26 Ocak 2010 Salı

Beynimizdeki Dünya

Işığın olmadığı beyinde, rengarenk ışıklarla donatılmış bir caddeyi, bütün renkleri, canlılığı ve parlaklığı ile seyredebiliyorsak, o zaman bu caddenin, ışıklı panoların, vitrinlerin, sokak lambalarının, arabaların farlarının beynimizde elektrik sinyallerinden oluşan kopyalarını görürüz. 

Beynimize hiçbir ses giremediğine göre, o zaman biz hiçbir zaman yakınlarımızın seslerinin asıllarını duyamayız. Duyduklarımız hep kopyalarıdır. 

Veya biz hiçbir zaman denizin serinliğini, güneşin sıcaklığını hissedemeyiz. Biz hep beynimizde bunların kopyalarını yaşarız. 

Aynı şekilde, bugüne kadar hiçbir insan nanenin aslının tadına bakmamıştır. Nane olarak algıladığı tat, beyninde oluşan bir algıdır sadece.
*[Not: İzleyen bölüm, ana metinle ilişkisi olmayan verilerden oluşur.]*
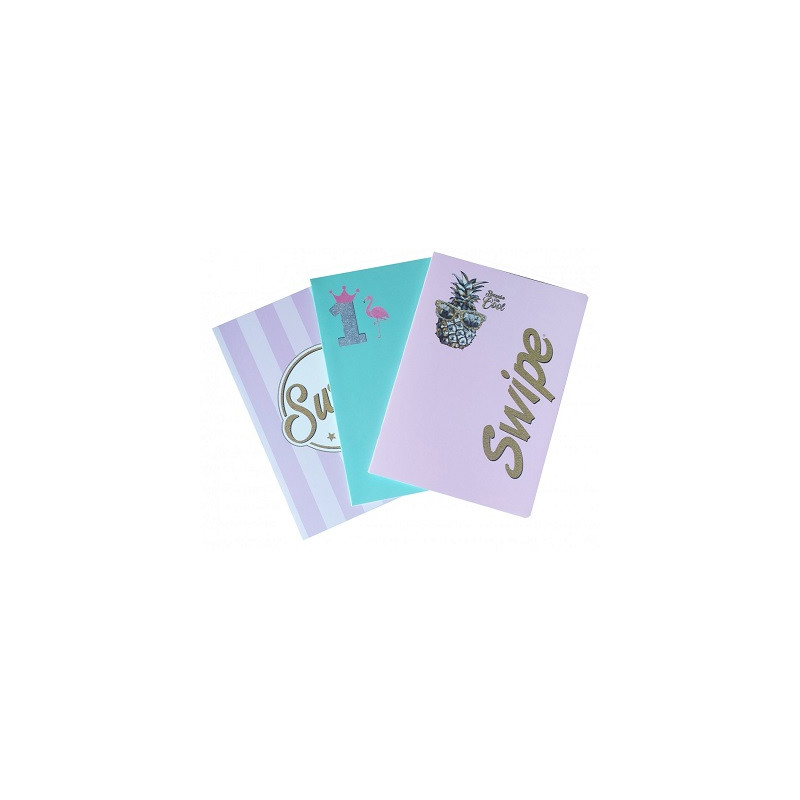 Maxi quaderno SWIPE Glamour 60fg / 120pg - rigo A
Çünkü nanenin aslına ne dokunabilir, ne onun aslını görebilir, ne aslının kokusunu veya tadını alabilir. 

Sonuç olarak, biz hayatımız boyunca bize gösterilen kopya algılarla yaşarız. Ancak bu kopyalar o kadar gerçekçidir ki, hiçbir zaman kopyalarını yaşadığımızı fark etmeyiz. Örneğin, şu anda başınızı kaldırın ve bulunduğunuz odada gözünüzü gezdirin. Kendinizi içinde mobilyalar bulunan bir odanın içinde gibi görüyorsunuz. Oturduğunuz koltuğun kollarına dokunduğunuzda, sanki gerçekten bu kolların asıllarına dokunuyormuş gibi sertliğini hissediyorsunuz. Gösterilen görüntülerin gerçekçiliği, bu görüntülerin yaratılışında kullanılan sanatın mükemmelliği sizi ve sizin gibi milyarlarca insanı, bunların "dışarıdaki maddenin gerçeği" olduğuna ikna etmeye yetiyor. Hatta insanlar o kadar kesin olarak ikna oluyorlar ki, dünyaya ait her hissin beyinlerinde oluştuğunu lise çağlarından itibaren kitaplarda okumalarına, hatta biyoloji kitapları bu gerçekle dolu olmasına rağmen, bunların beyinlerinde bir kopyayla muhatap olduklarına zorlukla ikna olabiliyorlar. Bunun nedeni, görüntünün muhteşem bir sanatla, son derece gerçekçi ve kusursuz yaratılıyor olmasıdır.